War Story: The Team That Couldn’t Scale
Section titled “War Story: The Team That Couldn’t Scale”A fast-growing company can end up in a situation like this:
- A small operations group handling production for a much larger engineering organization
- On-call interruptions were frequent and exhausting
- Deployments were backed up long enough to slow delivery noticeably
- Burnout was rampant
They hired more ops people.
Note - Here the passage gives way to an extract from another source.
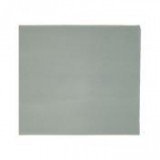 Egyéb Csomagolópapír vízálló fólia 60x60 cm szürfke [20 db]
It helped briefly, then got worse again.
The problem: They were scaling linearly while the system grew exponentially.
The fix: They adopted SRE practices:
- Established SLOs: Defined what “good enough” meant
- Created error budgets: Developers owned reliability
- Mandated toil measurement: Found where time went
- Set the 50% rule: Forced automation investment
Within 6 months:
- Deployment queue: Same day
- On-call incidents: Meaningfully reduced
- Team size: Held steady
- Coverage: Able to support a larger engineering organization
The shift wasn’t hiring more people. It was working differently.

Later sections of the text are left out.